If you cannot list every model that touches a policyholder by Friday, the registry will list them for you.
That is the operating assumption behind the NAIC AI Systems Evaluation Tool pilot, which has begun issuing data requests to selected carriers. The first request in nearly every pilot engagement is the same: produce a complete inventory of AI and predictive models in use across underwriting, pricing, claims, fraud, and customer service. The Foley & Lardner analysis of what to do when an NAIC AI Systems Evaluation Tool pilot request arrives confirms that the inventory request is the gating artifact for the rest of the engagement. Without a credible inventory, the carrier cannot answer any of the follow-on questions about governance, validation, monitoring, or bias testing.
Most carriers do not have an inventory that survives a twenty-question follow-up. They have a spreadsheet maintained by data science, a separate spreadsheet maintained by procurement that lists vendor tools, a third list embedded in actuarial filings, and a fourth that lives in the head of whoever was last asked. None of these is the artifact the regulator is asking for.
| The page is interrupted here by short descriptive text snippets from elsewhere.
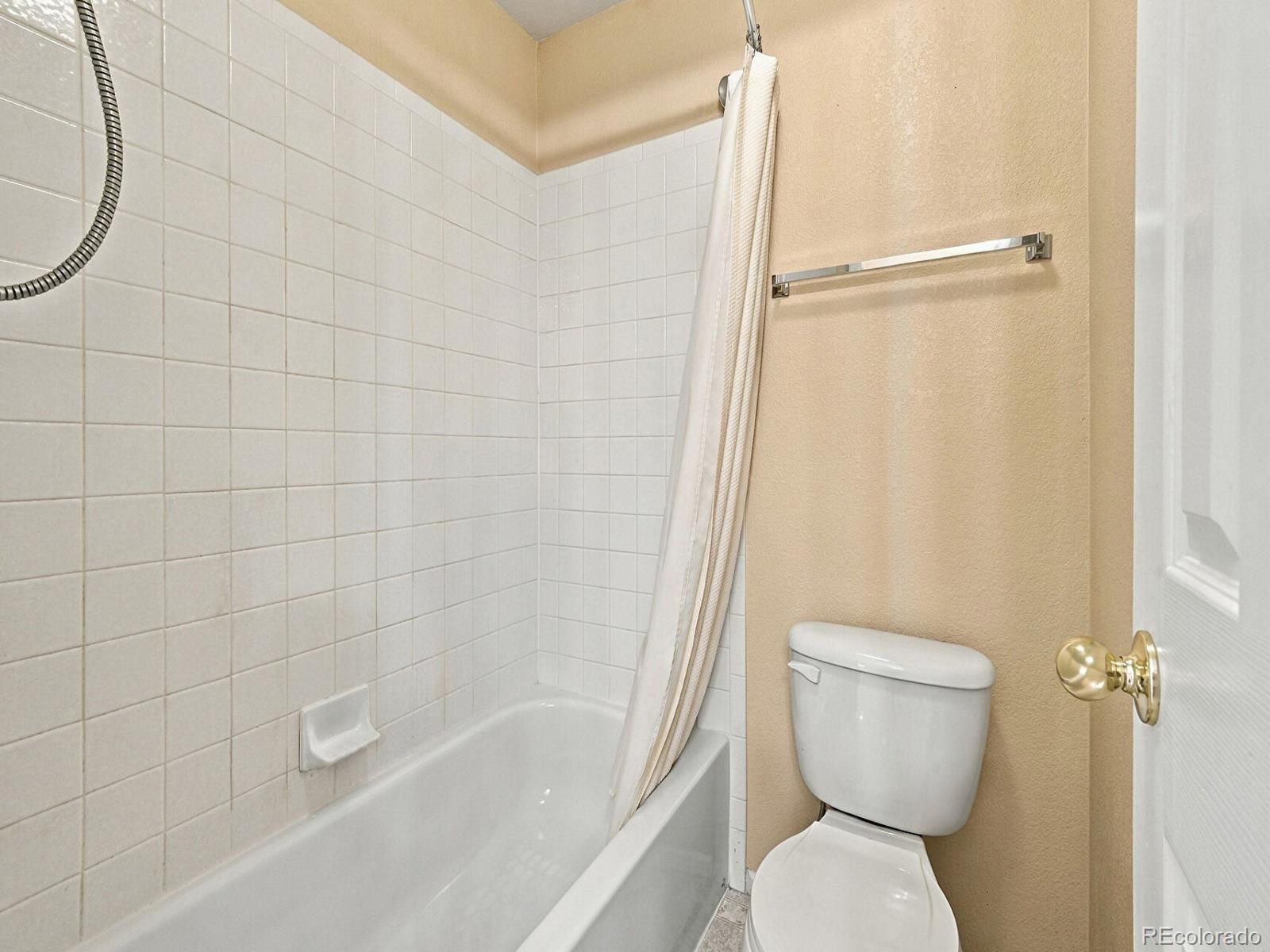 MLS Image #43 for 11059 w aqueduct drive,littleton, Colorado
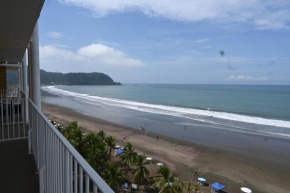 Beachfront Digital Nomad Haven in Vibrant Central Jacó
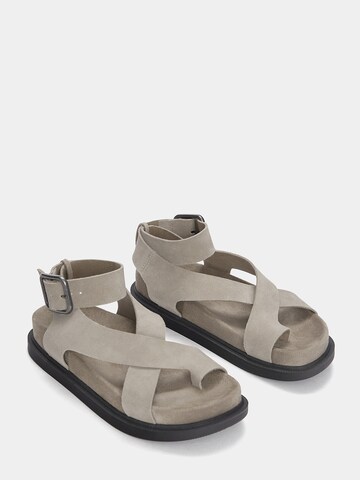 Pull&Bear Sandale in Grau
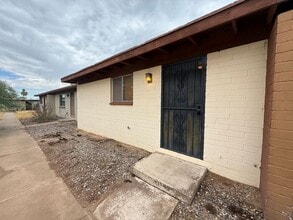 Building Photo - 3984 S Evergreen Ave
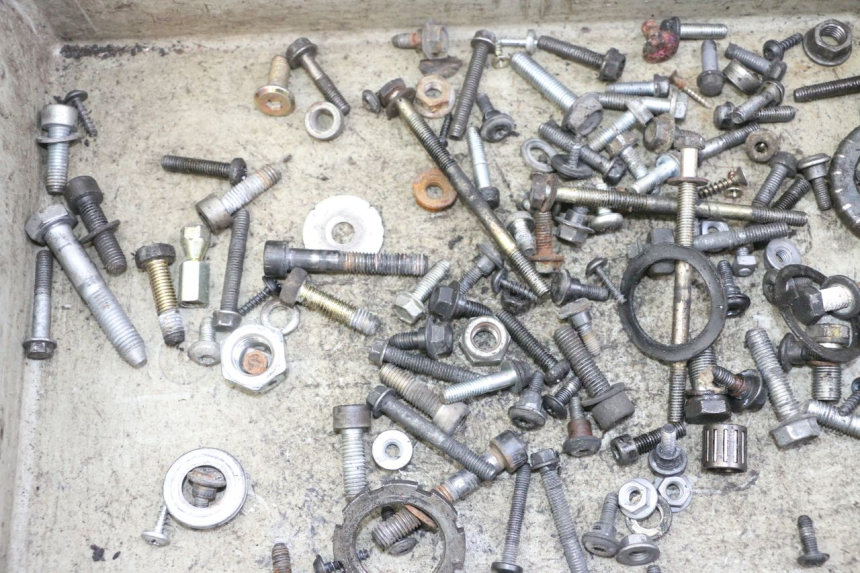 photo de SACO DE PARAFUSOS E FERRAGENS PEUGEOT ELYSTAR 50 (2002 - 2014) - Detalhe da peça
The model inventory the NAIC pilot expects is a single, governed system of record. It captures every model in production scope, including vendor-supplied models the carrier embeds in its decisioning. It is current, it is queryable, and it is the source of truth for every downstream regulatory artifact: rate filings, market conduct exam responses, the audit trail's keyspace, and the bias-testing program's coverage list.
The Minimum Schema
The inventory schema below is the minimum required to satisfy a serious regulatory inquiry. Each field corresponds to a question examiners ask and a control that downstream artifacts depend on. The schema also aligns with the NIST AI Risk Management Framework's MAP function, which calls for organizations to characterize the AI systems they operate before they can govern them.
Model ID. A stable identifier that persists across versions and serves as the foreign key for every downstream artifact: rate filings, audit logs, monitoring dashboards, vendor contracts. Carriers that use the data science notebook filename as the model ID rebuild the inventory every six months when the notebook is renamed.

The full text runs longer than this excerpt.